Ok, a random thought comes because I don’t know what this newsletter is related to:
Why do you need to send a HTML based e-mail? Is there a good reason you need HTML for, cannot this same information be read or seen without using HTML?
And if not, you really need HTML, would it not be easier for you and better to recipients to put a short text to the newsletter and then: “if you want to read more, visit this website below.”
If you put a normal www.address.com text practically all email-clients convert it to a clickable link anyway.
This way you would not have to worry about anything and it’d still be very easy for people to read your news, no matter what kind of e-mail client they have.
Like I said, I don’t know anything about the content of your newsletter, just a thought(s)
-Z-
Edit: Now I noticed that you were talking about a new project of your company. Again, not knowing your business,these are just random thoughts which might help someone else if not you I’m writing them anyway because I read about this subject today.
Aight, if you are sending an e-mail to people who don’t know you and have not subscribed to your newsletter they won’t spend more than few secs reading it. Probably they read the subject field and who it’s from, and then the first topic + few lines. And that is if they don’t delete it as a spam right away. When sending traditional sales/info-letters 33% of the mail is always thrown away without ever opening the envelope. Always. And on e-mails I think the percentage is much higher, might be double. I don’t know that as a fact but that’s how I think it is, because the amount of e-mail spam is way bigger.
So, in that case you should only put few interesting topics few sentences to the newsletter. Keep it very short, very. If people get interested in your business they can then follow the links. If there are more than 10 rows of text no one reads it anyway.

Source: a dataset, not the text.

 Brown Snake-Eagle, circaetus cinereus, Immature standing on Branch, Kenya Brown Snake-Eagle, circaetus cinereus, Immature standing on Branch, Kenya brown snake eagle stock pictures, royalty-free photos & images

*** HTML newletter maximum width 600 pxl by height 300 pxl with out scroll bars. Read on…
Some more info,
Yup it is going to be HTML based. My company found a service virtumundo that has subscribers so it is not a total spam.
But Zenith is probably right in saying that 33% will be thrown away. My one hope is that this service points this email so some semi interested clients, based on the content of the email.

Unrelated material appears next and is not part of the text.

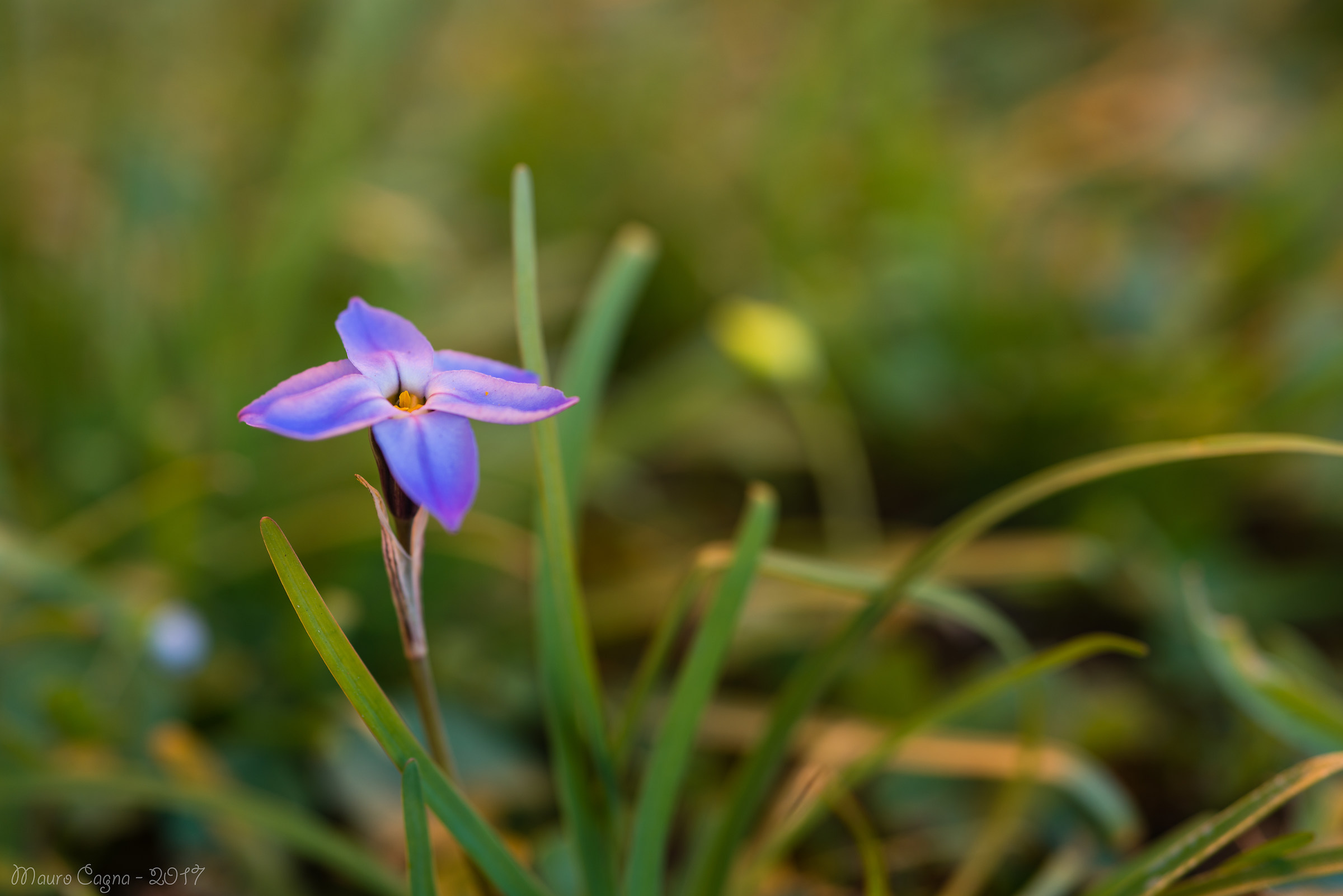 Ipheion uniflorum lilla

As for the need for HTML we are gonna include images. So sending this newsletter/ad is like the difference between 4 color ad (HTML) vs. B/W (text) [yes that is a serve generalization, eh]
But I just got a Sitepoint newsletter and there maximum width is 600 pixels and the max high is a huge variable I would guess the best bet is keep the eye catching content in first 300 pixel of height and then if the client is interested they can scroll down.

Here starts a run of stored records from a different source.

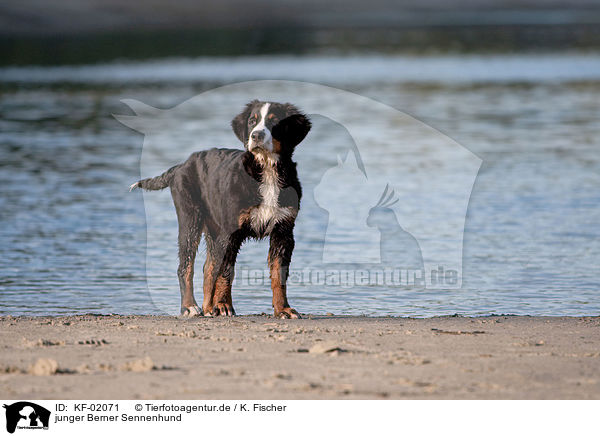 junger Berner Sennenhund / young Bernese Mountain Dog / KF-02071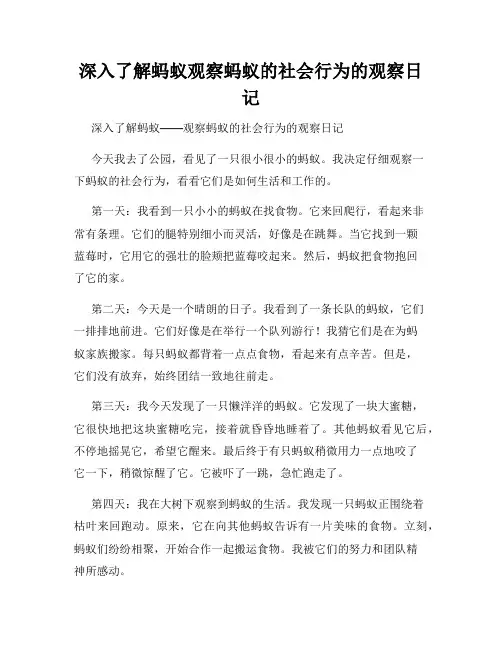小学三年级作文深入了解蚂蚁观察蚂蚁的社会行为的观察日记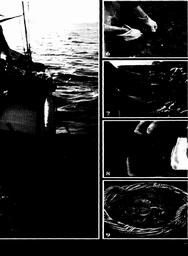 s1979-08-0067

I ran into this same problem about 2 years ago. So I started to do some analysis. I subscribed to a bunch of newsletters (using my hotmail account of course) and began going through the source of the HTML to see what standards people are using. I came up with 550px wide as a good compromise from what I saw. The problem is the “preview pane” can be different sizes based on how the user decides to view their mail.
BTW: I also did some analysis by sending the same message in both HTML and text. The HTML had a 225% higher click through rate!
I think the click rate depends very much of the content of that e-mail. Some things need to be said with more than just text - colours and images. With some issues plain text might work better. If HTML newsletter is the ‘way to go’, numbers between 500-600px sound good to me.
Use a percentage for the width contained in one table. Don’t use tons of images, make everything flow so that no matter what the size of the window of the newsreader (or web based email account) you newsletter looks good.
Expect all AOL 9.0 users to never see your emails, since 9.0 is blocking images and removing urls, so IMHO there isn’t even any reason to consider AOL’ers anymore as people that will be reading your message, so plan for Outlook, Eudora, Netscape etc. etc.